Gosh that's a buncha code! So the idea here was that all states have some common shared values along with their own specialized values. As you can see from the to_filling() function we can consume a given 'Waiting' state and transition it into a 'Filling' state. Let's do a little rundown:

  • Transition errors are caught at compile time! For example you can't even create a Filling state accidentally without first starting with a Waiting state. (You could on purpose, but this is beside the matter.)
  • Transition enforcement happens everywhere.
  • When a transition between states is made the old value is consumed instead of just modified. We could have done this with the enum example above as well though.
  • We don't have to match all the time.
  • Memory consumption is still lean, at any given time the size is that of the state.

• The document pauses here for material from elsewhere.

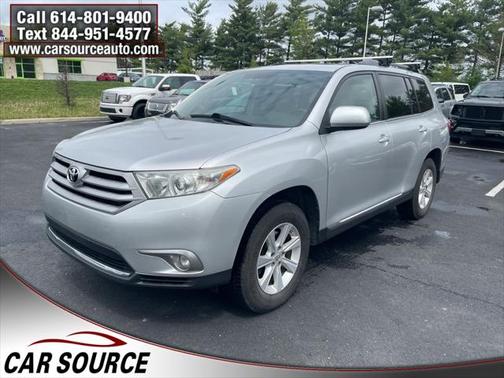 2011 Toyota Highlander SE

There are some downsides though:

  • There is a bunch of code repetition. You have to implement the same functions and traits for multiple structures.
  • It's not always clear what values are shared between all states and just one. Updating code later could be a pain due to this.
  • Since the size of the state is variable we end up needing to wrap this in an enum as above for it to be usable where the state machine is simply one component of a more complex system. Here's what this could look like:
enum State {
    Waiting(Waiting),
    Filling(Filling),
    Done(Done),
}

fn main() {
    let in_waiting_state = State::Waiting(Waiting::new());
        let in_filling_state = State::Filling(in_waiting_state.to_filling());
}

As you can see, this isn't very ergonomic. We're getting closer to what we want though. The idea of moving between distinct types seems to be a good way forward! Before we go try something entirely different though, let's talk about a simple way to change our example that could enlighten further thinking.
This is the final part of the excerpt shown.